* _Your task_
In the records below, find the line containing "Fiery fantasy butterflies", then print it and every following line exactly, through the last, without pictures.

Items from a dataset:
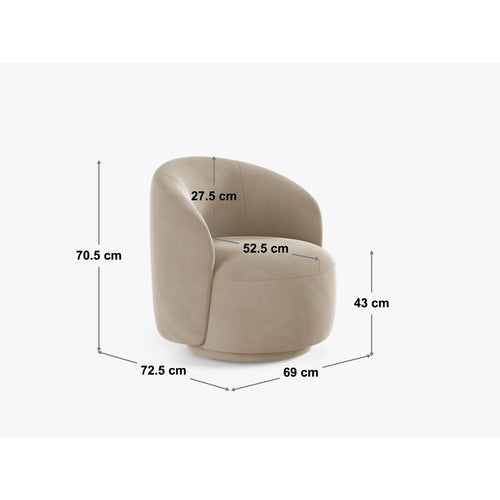 Cosmopolitan Design - Draaistoel Savona structurele stof koningsblauw - 72.5x69x70.5cm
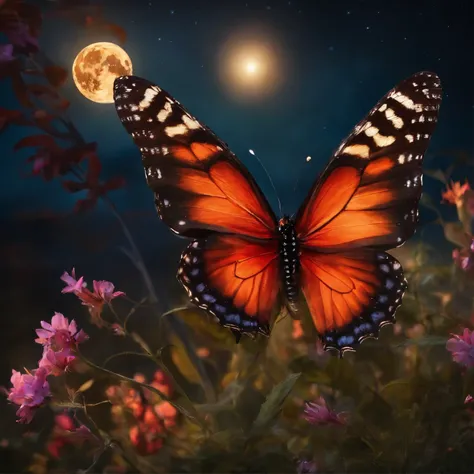 Fiery fantasy butterflies on flowers at night in a clearing under the moon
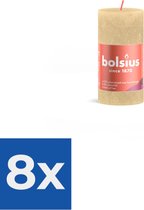 Bolsius - Rustiek stompkaars shine 100 x 50 mm Oat beige kaars - Voordeelverpakking 8 stuks
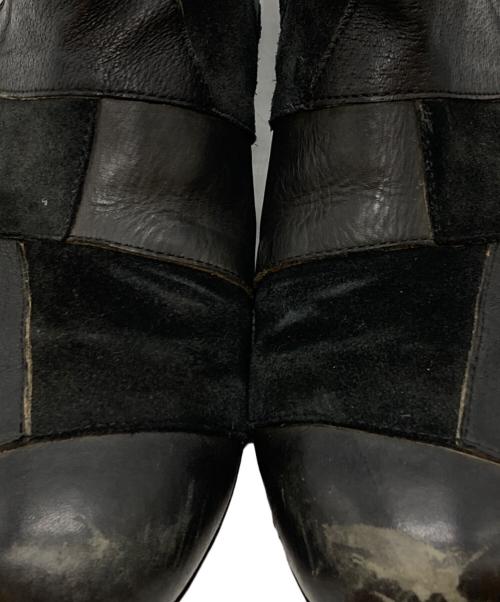 COMME des GARCONS HOMME PLUS（コムデギャルソンオムプリュス）COMME des GARCONS HOMME PLUS (コムデギャルソンオムプリュス) パッチワーク レザー サイドゴアブーツ ブラック サイズ:25㎝の古着・服飾アイテム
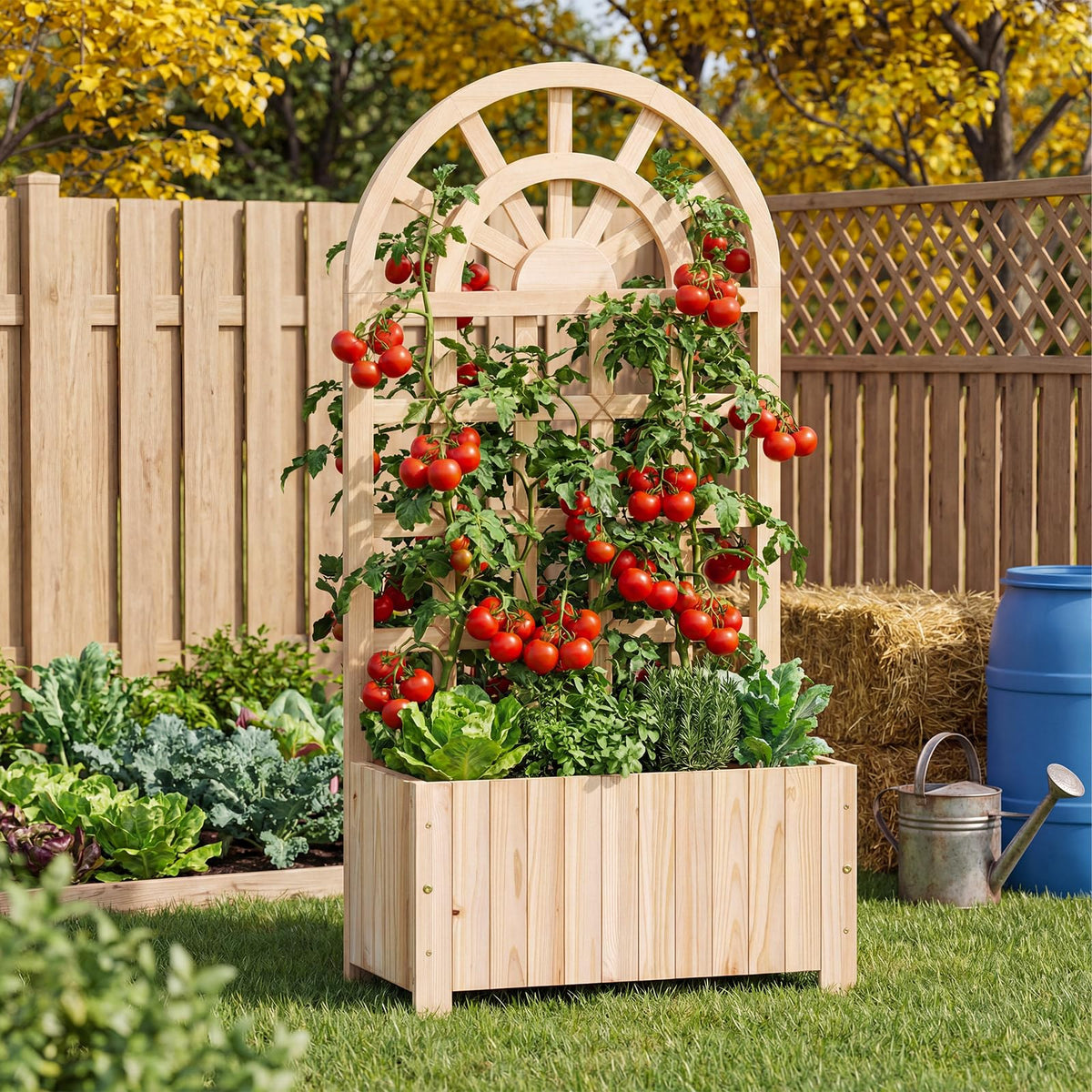 Happygrill Wooden Raised Garden Bed with Trellis & Privacy Screen
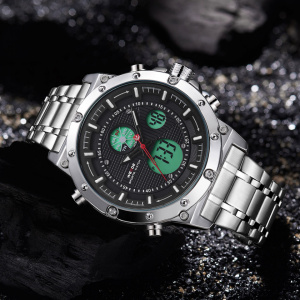 Ceas WEIDE, Quartz, Casual Sport, Negru, Curea Metalica, WH6906-1C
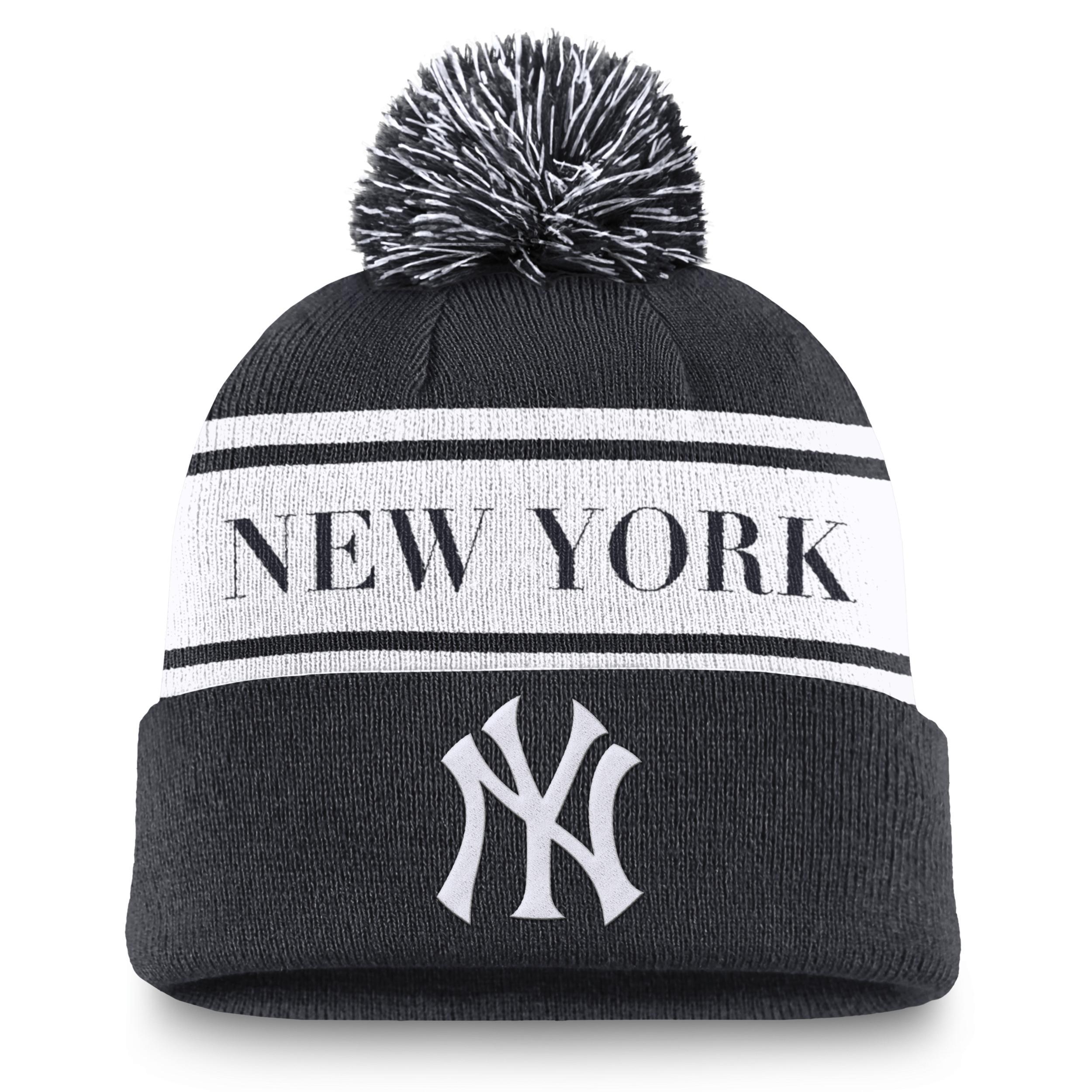 Mens Nike New York Yankees Team Stripe Peak Cuffed Knit Hat with Pom, Blue Product Image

* _Answer_
 Fiery fantasy butterflies on flowers at night in a clearing under the moon
 Bolsius - Rustiek stompkaars shine 100 x 50 mm Oat beige kaars - Voordeelverpakking 8 stuks
 COMME des GARCONS HOMME PLUS（コムデギャルソンオムプリュス）COMME des GARCONS HOMME PLUS (コムデギャルソンオムプリュス) パッチワーク レザー サイドゴアブーツ ブラック サイズ:25㎝の古着・服飾アイテム
 Happygrill Wooden Raised Garden Bed with Trellis & Privacy Screen
 Ceas WEIDE, Quartz, Casual Sport, Negru, Curea Metalica, WH6906-1C
 Mens Nike New York Yankees Team Stripe Peak Cuffed Knit Hat with Pom, Blue Product Image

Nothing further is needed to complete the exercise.